Arpaio called a news conference to discuss the investigations in the city of El Mirage a day after The Associated Press ran an article outlining some of the bungled cases.
His office said 432 sex-crimes investigations from El Mirage and other parts of the county were reopened after his office learned of cases, including dozens of alleged child molestations, that hadn't been investigated adequately or weren't examined at all over a three-year period ending in 2007. The Maricopa County Sheriff's Office was under contract to handle law enforcement duties in the city on the edge of Phoenix at the time.
"If there were any victims, I apologize to those victims," the sheriff said in his office's most detailed public comments about the cases.
Chief Deputy Sheriff Jerry Sheridan said the sheriff's office is poised to take possible disciplinary action as early as this week against the employees responsible for the cases.
The reopened cases resulted in 19 arrests, a figure the sheriff's office considers to be average and equal to the number of sex-crimes arrests made so far this year countywide.
Still, Captain Steve Whitney, the official in charge of criminal investigations, said there might have been more arrests had there been more timely investigations.
In El Mirage alone, officials discovered at least 32 reported child molestations — with victims as young as 2 years old — where the sheriff's office failed to follow through, even though suspects were known in all but six cases.

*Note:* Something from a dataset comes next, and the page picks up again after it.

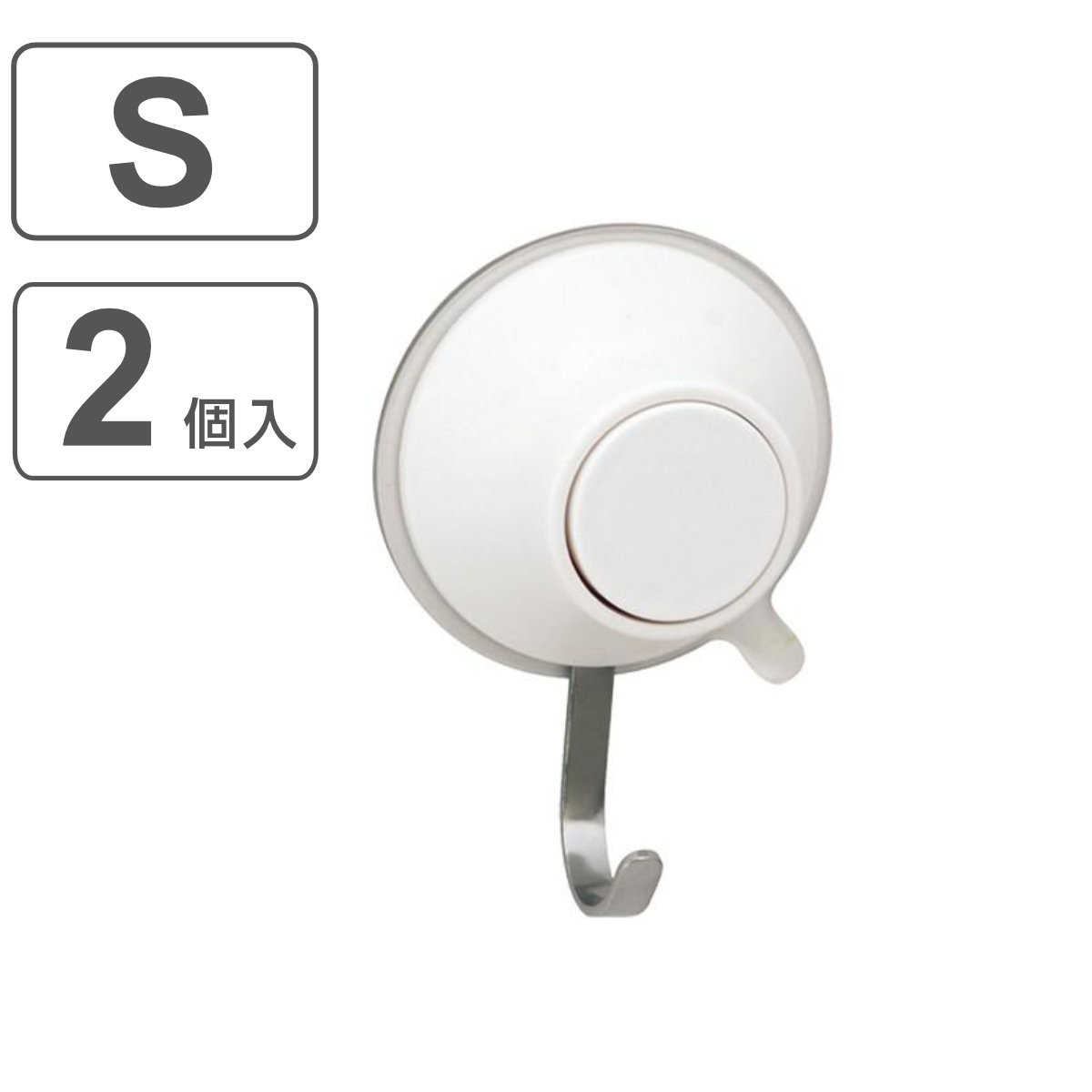(未使用･未開封品)　レック プッシュ式 吸盤フック S 7z28pnb レック プッシュ式吸盤フックS H-670｜うさマートジャパンサービス株式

Many of the victims, said a retired El Mirage police official who reviewed the files, were children of illegal immigrants.
Democratic U.S. Rep. Raul Grijalva, whose district doesn't include Arpaio's jurisdiction, issued a written statement saying the sheriff should immediately resign before more damage is done to public confidence in law enforcement. He and other critics say Arpaio puts too much emphasis on rounding up illegal immigrants at the expense of more important law enforcement responsibilities.

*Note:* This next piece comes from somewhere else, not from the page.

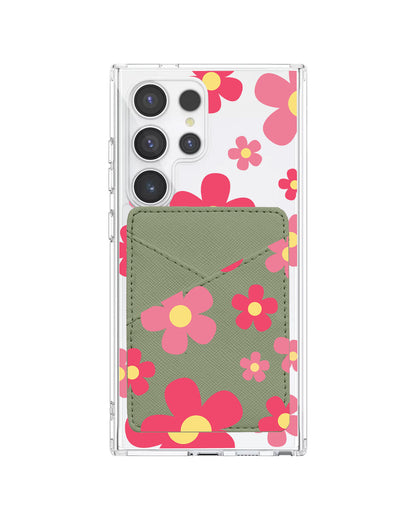 Android Phone Wallet Case - Daisy Blush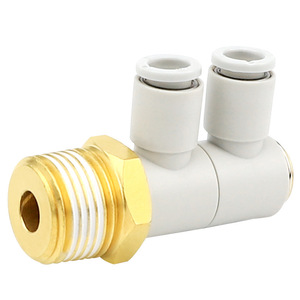Conectores Neumáticos de Plástico y Latón de 2 Vías para Mangueras de Aire - Product Image 4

"The picture emerging — no follow-up, no investigation, no prosecution, no justice and a shield of silence after the fact — is not how we conduct law enforcement in this country," Grijalva said. "Enforcing laws against violent crime, whatever a victim's legal status, is mandatory and not something we leave to individual communities as an open question. Selective enforcement undermines respect for our brave legal officers and is rightly not tolerated by the public."
Arpaio rejected the congressman's criticism. "I am not going anywhere," Arpaio said.

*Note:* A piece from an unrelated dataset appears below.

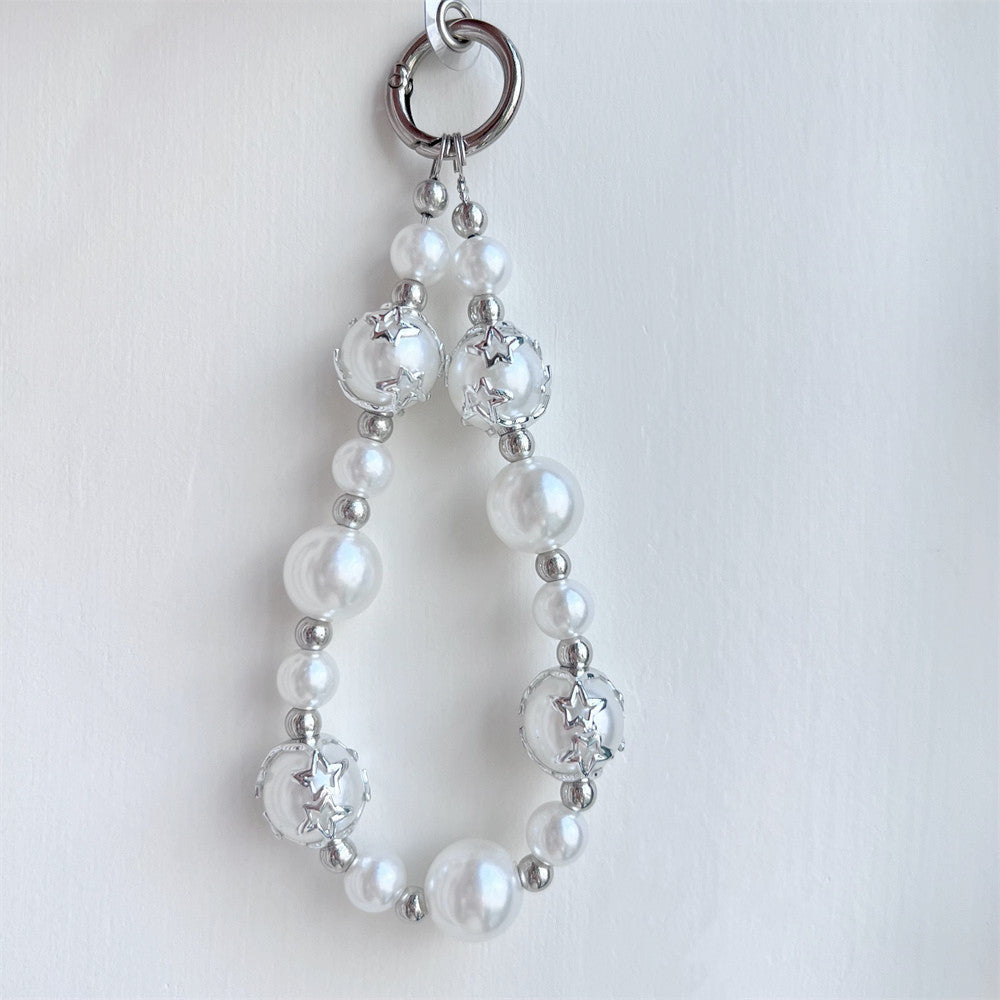 Elegant Pearl-Embellished Charm Keychain Kalsten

The botched sex-crimes investigations have served as an embarrassment to a department whose sheriff is the self-described "America's Toughest Sheriff" and a national hero to conservatives on the immigration issue.
Sheridan said pending disciplinary action prevented him from explaining why the cases weren't investigated, but he acknowledged that employees of the sheriff's office made mistakes. "Once initial information came out, some detectives decided not to follow up," Sheridan said.
Whitney said the sheriff's office has since made changes to better track cases, and enacted more training and moved certain employees out of the sex-crimes squad.
Of the 428 reopened investigations that have been completed, 116 were deemed to have no basis in fact to move forward or had accounts that didn't add up. More than 220 were turned down by prosecutors or didn't have enough evidence to bring to prosecutors.
Sixty-nine cases had no further information to pursue or couldn't be advanced further.
The sex-crimes cases had been reported earlier by The Arizona Republic, the East Valley Tribune, KNXV-TV and other media outlets.